Whether history shapes men or men shape history is a tricky question, as both are true at different times _ often at the same time. Be that as it may, beyond doubt two men shaped the 20th century. Both were tyrants (who was "worse" is still being argued).
Six Months In 1945 by Michael Dobbs 448pp, 2013 Arrow paperback Available at Asia Books and leading bookshops, 425 baht
Mortal enemies, Hitler and Stalin became friends, however unlikely, for two years. Until Nazi Germany invaded Communist Russia. London and Washington allying with Moscow, Berlin went down in defeat. Proud of being responsible for the death of tens of millions, the Fuhrer took the easy way out. What to do with the country that started it all? While the Third Reich was in its death throes, the Big 3 _ President Franklin Delano Roosevelt of the US, Prime Minister Winston Churchill of the UK and Generalissimo Joseph Stalin of the USSR _ met to discuss just that.
In fact, there were two such conferences in 1945. The first was in Yalta in the Crimea. The second after VE Day in Potsdam in occupied Germany, the subject a still warring Empire of Japan on the other side of the globe. British historian Michael Dobbs delineates both in Six Months In 1945.

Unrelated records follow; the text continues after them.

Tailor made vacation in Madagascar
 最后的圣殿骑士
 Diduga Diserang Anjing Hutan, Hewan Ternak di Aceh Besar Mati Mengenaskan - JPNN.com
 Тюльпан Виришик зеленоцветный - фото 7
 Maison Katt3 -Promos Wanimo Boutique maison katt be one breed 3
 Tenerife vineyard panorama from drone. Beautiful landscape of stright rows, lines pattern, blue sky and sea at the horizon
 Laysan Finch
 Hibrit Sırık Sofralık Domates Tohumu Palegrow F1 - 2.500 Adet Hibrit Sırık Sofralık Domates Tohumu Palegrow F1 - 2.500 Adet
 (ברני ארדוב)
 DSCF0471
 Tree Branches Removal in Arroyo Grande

He notes that the decisions made then _ good, bad and indifferent _ affected not only the combatants but all countries until the turn of the century. To be sure Stalin was instrumental in bringing about the "Cold War" (the term given by George Orwell), but at least one American president was not blameless. There were 300 Red Army divisions. The US had nuclear bombs. A Mexican standoff. Stalin wanted to execute 50,000 Nazis. Churchill wouldn't stand for it. Russian soldiers raping German women at will was contentious. G.I.s and Ivans settled brawls with guns. Russians looted with a vengeance.
F.D.R. expired and was replaced by President Harry Truman, who didn't call Stalin "Uncle Joe". Russian foreign minister Molotov was tough. Truman verbally took him down like a street fighter. Churchill had his priorities, but presented them diplomatically. Germany had to swallow losing Prussia, Silesia and Pomerana.
Labour beating the Conservatives in Britain's elections, Prime Minister Clement Atlee took over from Winnie at Potsdam, his long-winded talks a bore. Truman kept the dates for dropping the atomic bombs a secret. Stalin ordered the invasion of Manchuria (as agreed earlier) then claimed Russia won the Pacific War. Heady days indeed.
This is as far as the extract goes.